Start of SOURCE MATERIAL

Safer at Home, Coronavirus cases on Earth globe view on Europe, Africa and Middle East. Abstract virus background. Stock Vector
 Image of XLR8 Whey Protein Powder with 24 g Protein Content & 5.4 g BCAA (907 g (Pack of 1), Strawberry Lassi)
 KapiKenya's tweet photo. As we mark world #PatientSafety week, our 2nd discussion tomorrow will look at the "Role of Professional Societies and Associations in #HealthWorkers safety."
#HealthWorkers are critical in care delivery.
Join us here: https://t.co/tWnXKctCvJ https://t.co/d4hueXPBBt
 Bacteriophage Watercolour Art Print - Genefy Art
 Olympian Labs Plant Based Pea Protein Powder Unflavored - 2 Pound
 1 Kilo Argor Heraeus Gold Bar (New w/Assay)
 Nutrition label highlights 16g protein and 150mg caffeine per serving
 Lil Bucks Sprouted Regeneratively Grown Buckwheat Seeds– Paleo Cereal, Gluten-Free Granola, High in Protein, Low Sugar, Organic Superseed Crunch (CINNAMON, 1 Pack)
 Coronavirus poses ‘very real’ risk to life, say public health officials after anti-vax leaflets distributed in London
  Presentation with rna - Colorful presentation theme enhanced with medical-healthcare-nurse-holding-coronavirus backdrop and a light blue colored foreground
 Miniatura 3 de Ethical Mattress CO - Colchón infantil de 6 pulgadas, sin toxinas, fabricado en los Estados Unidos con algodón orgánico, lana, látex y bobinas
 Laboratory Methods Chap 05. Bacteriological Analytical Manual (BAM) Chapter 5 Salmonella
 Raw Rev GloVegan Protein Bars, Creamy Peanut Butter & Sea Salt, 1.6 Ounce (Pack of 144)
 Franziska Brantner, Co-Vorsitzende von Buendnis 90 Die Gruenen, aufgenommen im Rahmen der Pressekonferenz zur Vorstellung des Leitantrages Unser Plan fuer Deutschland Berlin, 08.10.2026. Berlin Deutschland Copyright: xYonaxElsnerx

End of SOURCE MATERIAL

## EXERCISE INSTRUCTIONS
Your task is to repeat every entry exactly.

## OUTPUT BELOW
Safer at Home, Coronavirus cases on Earth globe view on Europe, Africa and Middle East. Abstract virus background. Stock Vector
 Image of XLR8 Whey Protein Powder with 24 g Protein Content & 5.4 g BCAA (907 g (Pack of 1), Strawberry Lassi)
 KapiKenya's tweet photo. As we mark world #PatientSafety week, our 2nd discussion tomorrow will look at the "Role of Professional Societies and Associations in #HealthWorkers safety."
#HealthWorkers are critical in care delivery.
Join us here: https://t.co/tWnXKctCvJ https://t.co/d4hueXPBBt
 Bacteriophage Watercolour Art Print - Genefy Art
 Olympian Labs Plant Based Pea Protein Powder Unflavored - 2 Pound
 1 Kilo Argor Heraeus Gold Bar (New w/Assay)
 Nutrition label highlights 16g protein and 150mg caffeine per serving
 Lil Bucks Sprouted Regeneratively Grown Buckwheat Seeds– Paleo Cereal, Gluten-Free Granola, High in Protein, Low Sugar, Organic Superseed Crunch (CINNAMON, 1 Pack)
 Coronavirus poses ‘very real’ risk to life, say public health officials after anti-vax leaflets distributed in London
  Presentation with rna - Colorful presentation theme enhanced with medical-healthcare-nurse-holding-coronavirus backdrop and a light blue colored foreground
 Miniatura 3 de Ethical Mattress CO - Colchón infantil de 6 pulgadas, sin toxinas, fabricado en los Estados Unidos con algodón orgánico, lana, látex y bobinas
 Laboratory Methods Chap 05. Bacteriological Analytical Manual (BAM) Chapter 5 Salmonella
 Raw Rev GloVegan Protein Bars, Creamy Peanut Butter & Sea Salt, 1.6 Ounce (Pack of 144)
 Franziska Brantner, Co-Vorsitzende von Buendnis 90 Die Gruenen, aufgenommen im Rahmen der Pressekonferenz zur Vorstellung des Leitantrages Unser Plan fuer Deutschland Berlin, 08.10.2026. Berlin Deutschland Copyright: xYonaxElsnerx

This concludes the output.